Beginning with a 1988 essay on moral realism, Richard Boyd argued that many natural kinds are homeostatic property clusters: families of properties that co-occur because underlying mechanisms maintain the clustering, with no property necessary for membership. On this view the naturalness of a kind consists in its aptness for induction and explanation rather than in any shared essence, so vague boundaries and borderline cases are expected rather than defective. Boyd developed the account chiefly for biological species. P. D. Magnus has argued that the account is better read as giving the ontological basis of some natural kinds than as defining natural kinds as such, since electrons are natural kinds without being homeostatic property clusters.

==Hilary Kornblith==
In 1993, Hilary Kornblith published a review of debates about natural kinds since Quine had launched that epistemological project a quarter-century earlier. He evaluated Quine's "picture of natural knowledge" as natural kinds, along with subsequent refinements.

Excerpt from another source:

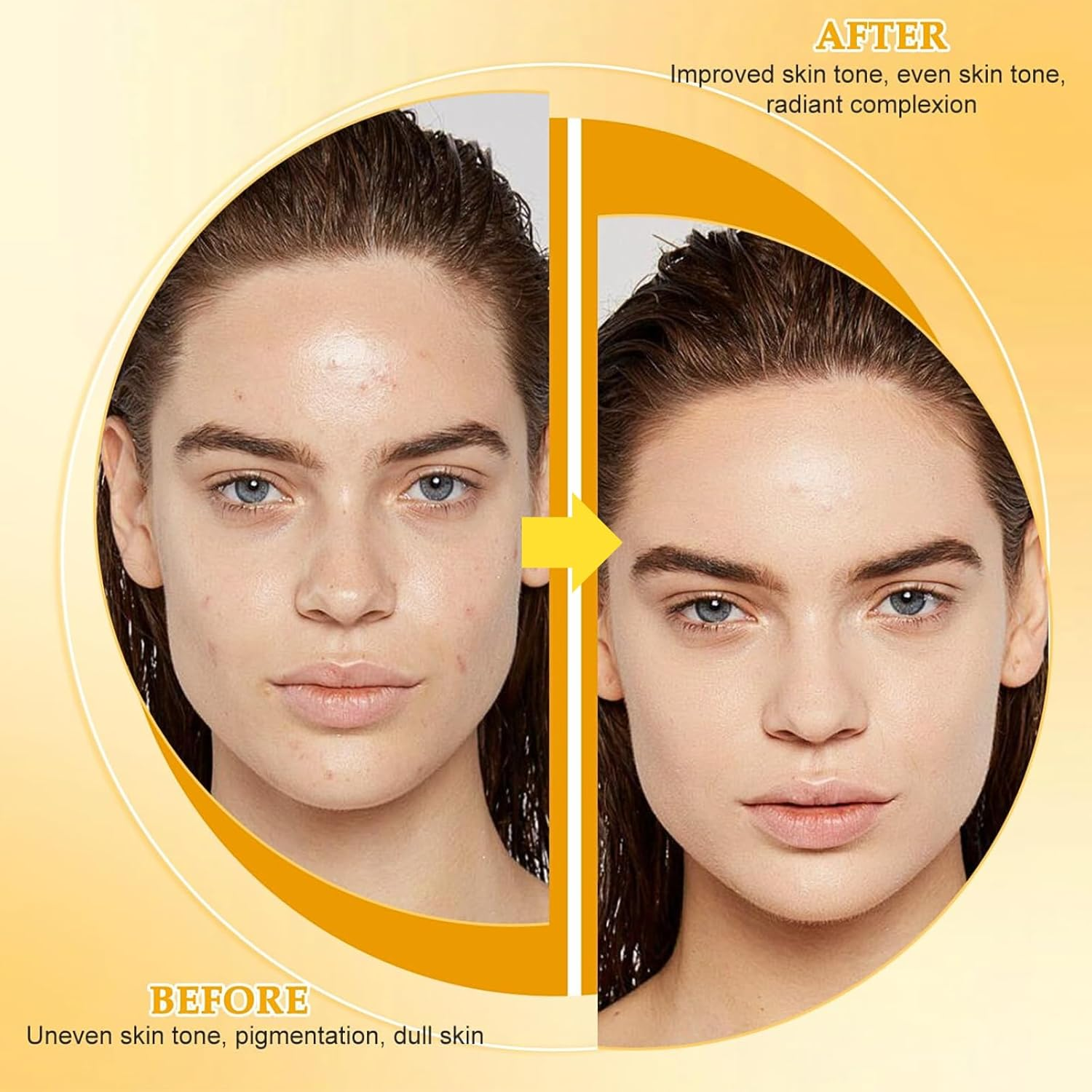 Natural Turmeric Soap, Kojic Acid & Turmeric Soap, Kojic Acid Lemon Soap Bar, Acne, Dark Spots, Hyperpigmentation & Smooth Skin, Brightening, Deep Cleansing, Refreshing, Moisturizing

He found still acceptable Quine's original assumption that discovering knowledge of mind-independent reality depends on inductive generalisations based on limited observations, despite its being illogical. Equally acceptable was Quine's further assumption that instrumental success of inductive reasoning confirms both the existence of natural kinds and the legitimacy of the method.
    I argue that natural kinds make inductive knowledge of the world possible because the clustering of properties characteristic of natural kinds makes inferences from the presence of some of these properties to the presence of others reliable. Were it not for the existence of natural kinds and the causal structure they require, any attempt to infer the existence of some properties from the presence of others would be no more than quixotic; reliable inductive inference would be impossible. The [generic] causal structure of the world as exhibited in [universal] natural kinds thus provides the natural ground of inductive inference.

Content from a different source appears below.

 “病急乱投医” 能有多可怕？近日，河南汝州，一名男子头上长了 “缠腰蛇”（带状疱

Quine's assumption of an innate human psychological process—"standard of similarity," "subjective spacing of qualities"—also remained unquestioned. Kornbluth strengthened this assumption with new labels for the necessary cognitive qualities: "native processes of belief acquisition," "the structure of human conceptual representation," "native inferential processes," "reasonably accurate detectors of covariation." "To my mind, the primary case to be made for the view that our [universal] psychological processes dovetail with the [generic] causal structure of the world comes ... from the success of science.

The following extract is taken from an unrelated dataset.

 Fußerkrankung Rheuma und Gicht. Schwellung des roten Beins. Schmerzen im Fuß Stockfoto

Kornblith denied that this logic makes human classifications the same as mind-independent classifications: "The categories of modern science, of course, are not innate." But he offered no explanation of how kinds that work conditionally can be distinguished from mind-independent unchanging kinds.
.
    If the scientific categories of mature sciences did not correspond, at least approximately, to real kinds in nature, but instead merely grouped objects together on the basis of salient observable properties which somehow answer to our interests, it would be utterly miraculous that inductions using these scientific categories tend to issue in accurate predictions. Inductive inference can only work ... if there is something in nature binding together the [generic] properties which we use to identify kinds. ... Unobservables [universal propositions] are then postulated to explain the constant conjunction of observable properties.
    We approach the world by presupposing that it contains natural kinds. Our inferences depend on this presupposition,... This presupposition thus gives us a built-in advantage in understanding what the world is like, and thereby makes inductive understanding of the world a real possibility.
    When a population [kind] is uniform with respect to some [generic] property, [inductive] inferences from small samples, and indeed, from a single case, are perfectly reliable. If I note that a [generic] sample of [universal] copper conducts electricity and straightaway conclude that all copper conducts electricity, then I will do just as well as someone ... checking a very large number of copper samples for their conductivity.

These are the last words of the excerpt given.